The optimizer runs up to three full iterations. Each iteration runs this pipeline:

1.  CFG simplification      — remove dead blocks, thread jump chains, simplify branches
2.  Copy propagation        — replace uses of copies with original values
2a. Division-by-constant    — replace idiv/div with multiply-shift (iter 0 only)
2b. Integer narrowing       — shrink operation widths (e.g. i64 add → i32 add)
3.  Algebraic simplification — strength reduction, identity removal
4.  Constant folding        — evaluate constant expressions at compile time
5.  GVN + LICM + IVSR       — shared CFG analysis (computed once per function):
    ├── GVN                 — global value numbering / CSE across dominated blocks
    ├── LICM                — loop-invariant code motion
    └── IVSR                — induction variable strength reduction
7.  If-conversion           — convert branch+phi diamonds to cmov/Select
8.  Copy propagation        — clean up copies created by GVN, simplify, LICM
9.  Dead code elimination   — remove dead instructions (excluded from convergence check)
10. CFG simplification      — clean up after DCE empties blocks
10.5 IPCP                   — interprocedural constant propagation (all iterations)

Phase 0 (before the loop):

Tail-call elimination (TCE) — converts self-recursive tail calls to loops
Function inlining
mem2reg
Initial constant-fold/copy-prop round
Vectorization (iteration 0 only) — transforms reduction loops to AVX2/SSE2 SIMD

Phase 11 (after the loop): dead static function elimination — removes static inline functions that became unreferenced after inlining.

Convergence

Iterations stop when:

No pass made any change (fixpoint reached), or
This iteration made fewer than 1/20th the changes of the first iteration (diminishing returns).

DCE changes are excluded from the convergence check because DCE’s large removal counts inflate the first-iteration baseline and cause premature exit.

Pass Interactions

The passes form a dependency graph.
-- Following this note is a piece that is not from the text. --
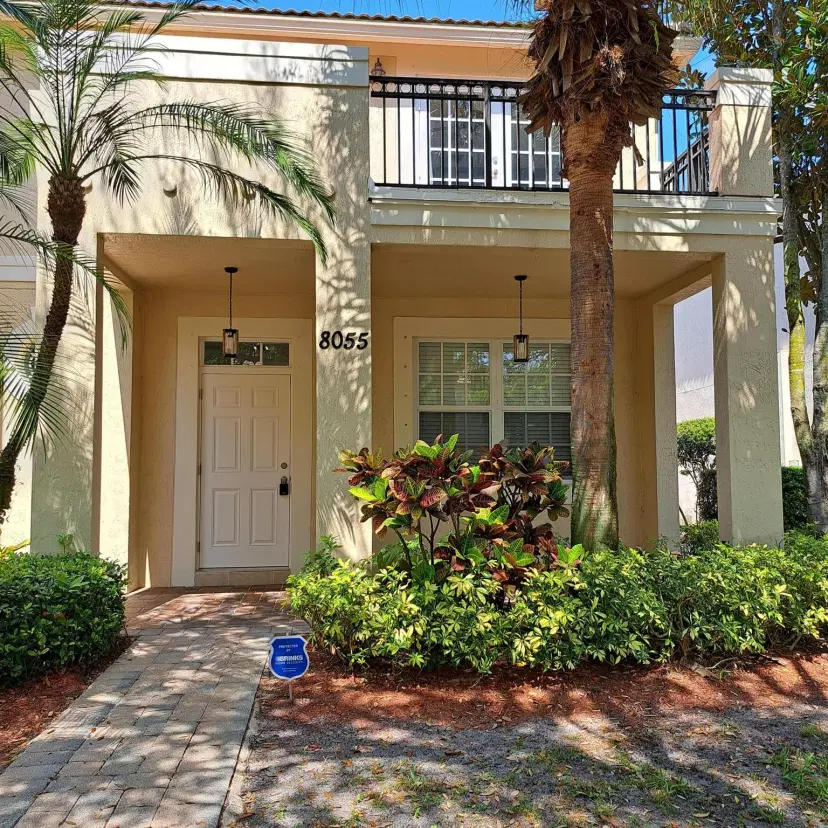 Picture of 8055 Murano Circle, Palm Beach Gardens FL 33418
LCCC uses a should_run! macro to skip passes when their upstream passes made no changes in the previous iteration:

Pass	Only re-runs if…
CFG simplify	constfold changed (constant branches) or DCE changed (empty blocks)
Copy prop	CFG, GVN, LICM, or if-convert changed
Simplify	Copy prop or narrowing changed
Constfold	Copy prop, narrowing, simplify, or if-convert changed
GVN	CFG, copy prop, or simplify changed
LICM	CFG, copy prop, or GVN changed
DCE	GVN, LICM, if-convert, or copy prop2 changed

Key Passes

GVN (Global Value Numbering)

Eliminates redundant computations across basic blocks. If two blocks both compute a + b where a and b have the same value, GVN replaces the second with a copy of the first. Operates on BinOp, UnaryOp, Cmp, Cast, GetElementPtr, and Load instructions within the dominator tree.

GVN, LICM, and IVSR share a single CfgAnalysis (dominator tree + loop nesting) per function per iteration, saving significant compile time on large translation units.
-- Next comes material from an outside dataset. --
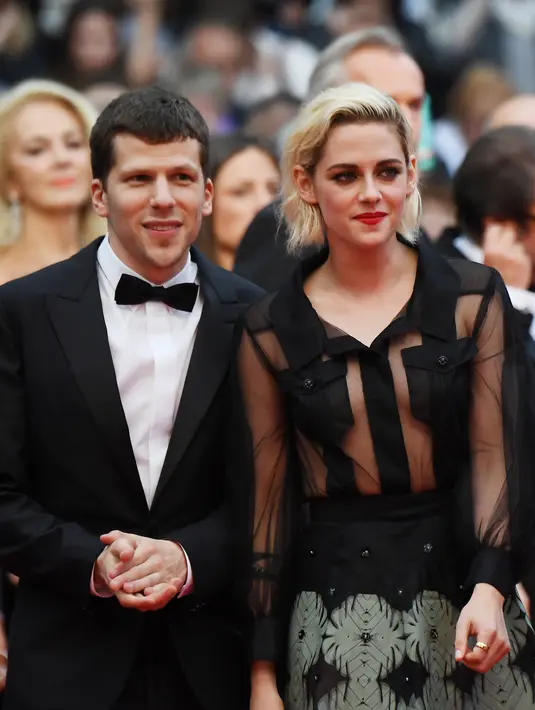 Gelaran karpet merah gala premiere film 'Cafe Society' pada Rabu (11/5/2016), Beberapa selebriti hollywood menjadi pusat perhatian lantaran balutan busana tembus pandang. Diantaranya, Kristen Stewart, Julianne Moore dan Blake Lively. (AFP/Bintang.com)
LICM (Loop-Invariant Code Motion)

Hoists computations out of loops when their operands don’t change within the loop. Identifies natural loops via the dominator tree, then moves invariant instructions to loop preheaders. Critical for inner-loop performance on code like matrix multiply.

IPCP (Interprocedural Constant Propagation)

When a function is always called with the same constant argument, IPCP specializes the function for that constant and folds the resulting dead branches. Important for Linux kernel code (IS_ENABLED(), cpucap_is_possible() chains) where static inline wrappers gate large blocks of dead code.

Division-by-Constant

Replaces idiv/div instructions (20–90 cycle latency on modern CPUs) with multiply-and-shift sequences. Runs only on the first iteration, before narrowing and constant folding can further simplify the expanded sequence. Disabled on i686 where 64-bit multiply overflow semantics differ.

Disabling Passes

For debugging, individual passes can be disabled:

CCC_DISABLE_PASSES="gvn,licm" ./target/release/ccc input.c -o output
CCC_DISABLE_PASSES="all"      ./target/release/ccc input.c -o output

Pass names: cfg, copyprop, narrow, simplify, constfold, gvn, licm, ifconv, dce, ipcp, inline, ivsr, divconst.

Timing data is available via:

CCC_TIME_PASSES=1 ./target/release/ccc input.c -o output 2>&1 | grep PASS

LCCC-Specific Passes

LCCC adds two optimization passes that run before CCC’s main optimizer loop.

Tail-Call Elimination (`tce`)

Converts self-recursive tail calls to back-edge branches. A tail call is a recursive call whose result is returned immediately — return f(args) with no further computation.

// Before: 10M stack frames
long sum(int n, long acc) {
    if (n <= 0) return acc;
    return sum(n - 1, acc + n);
}

// After TCE: tight counted loop (identical to GCC output)
long sum(int n, long acc) {
loop:
    if (n <= 0) return acc;
    acc += n; n -= 1; goto loop;
}

TCE runs once after inlining, before the main optimization loop, so that LICM, IVSR, and GVN can subsequently optimize the resulting loop.

Pass name: tce (disable with CCC_DISABLE_PASSES=tce)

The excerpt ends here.